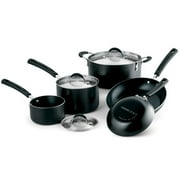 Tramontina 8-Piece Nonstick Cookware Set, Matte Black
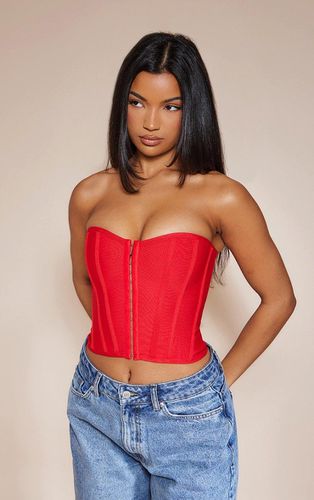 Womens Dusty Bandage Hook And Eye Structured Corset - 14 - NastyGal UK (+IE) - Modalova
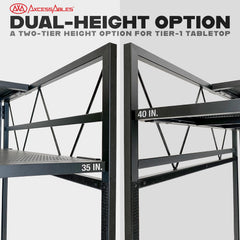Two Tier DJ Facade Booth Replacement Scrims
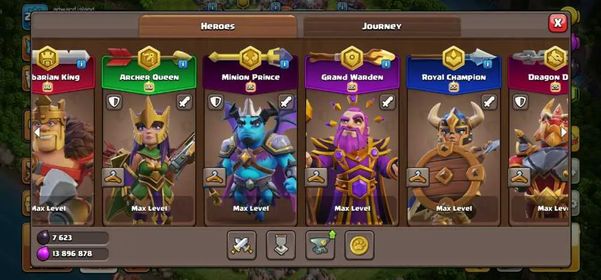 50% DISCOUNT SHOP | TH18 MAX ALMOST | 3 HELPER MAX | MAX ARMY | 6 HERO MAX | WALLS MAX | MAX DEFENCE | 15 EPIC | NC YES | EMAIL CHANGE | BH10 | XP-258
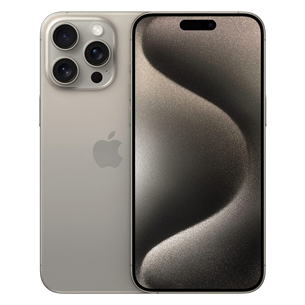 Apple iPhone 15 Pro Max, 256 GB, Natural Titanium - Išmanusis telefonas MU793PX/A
* * * *
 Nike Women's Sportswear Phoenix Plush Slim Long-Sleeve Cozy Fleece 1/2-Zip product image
* * * *
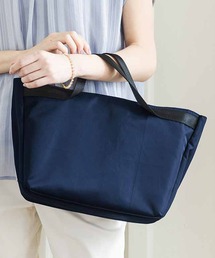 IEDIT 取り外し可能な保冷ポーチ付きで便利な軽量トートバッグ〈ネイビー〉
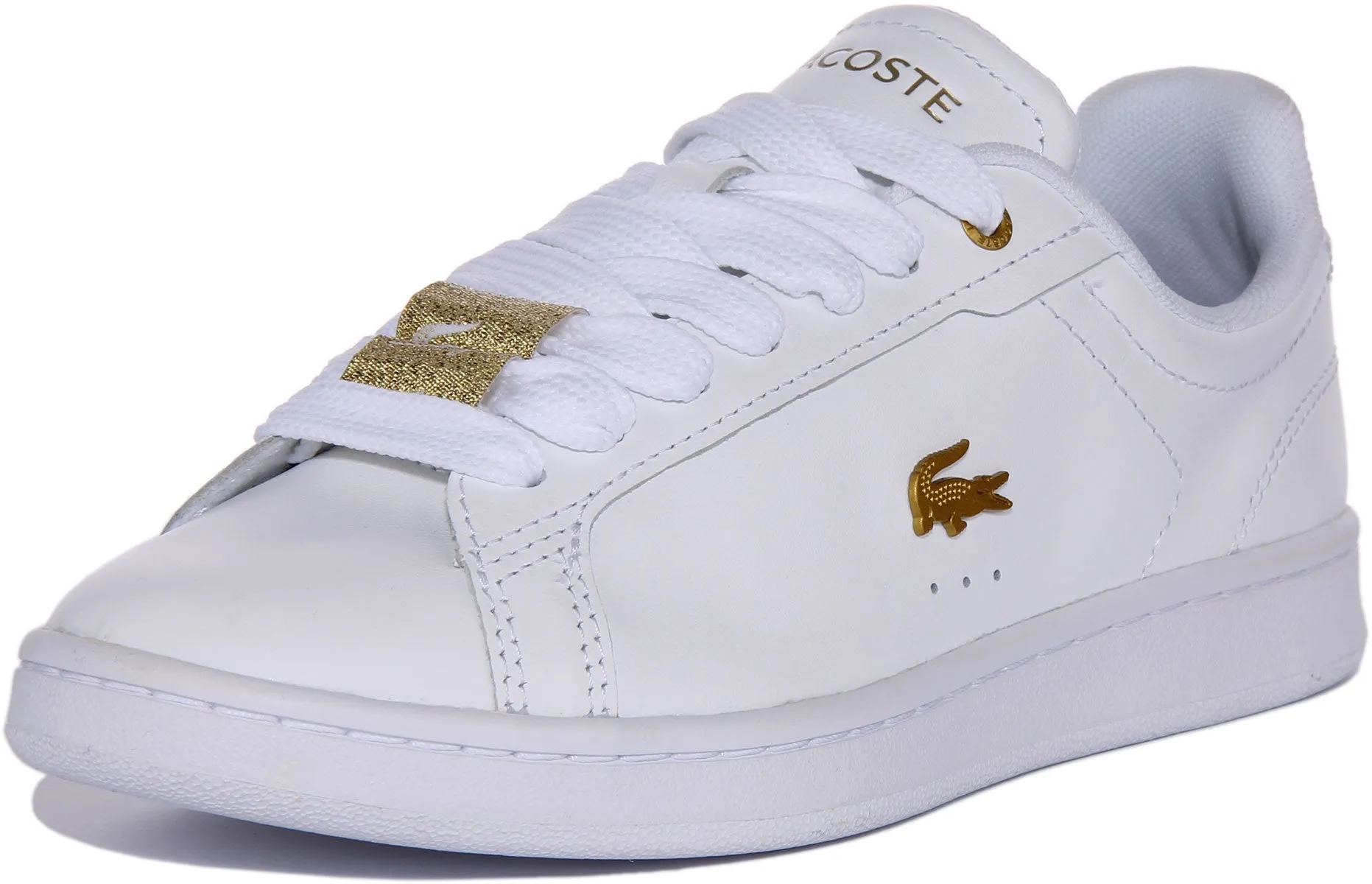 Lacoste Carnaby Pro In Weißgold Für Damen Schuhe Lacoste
* * * *
• _Goal of the exercise_
No picture is to be printed. Output exactly the lines above from the line containing "Womens Dusty Bandage" through the line containing "Apple iPhone 15".

• _Solution to the problem_
 Womens Dusty Bandage Hook And Eye Structured Corset - 14 - NastyGal UK (+IE) - Modalova
Two Tier DJ Facade Booth Replacement Scrims
 50% DISCOUNT SHOP | TH18 MAX ALMOST | 3 HELPER MAX | MAX ARMY | 6 HERO MAX | WALLS MAX | MAX DEFENCE | 15 EPIC | NC YES | EMAIL CHANGE | BH10 | XP-258
 Apple iPhone 15 Pro Max, 256 GB, Natural Titanium - Išmanusis telefonas MU793PX/A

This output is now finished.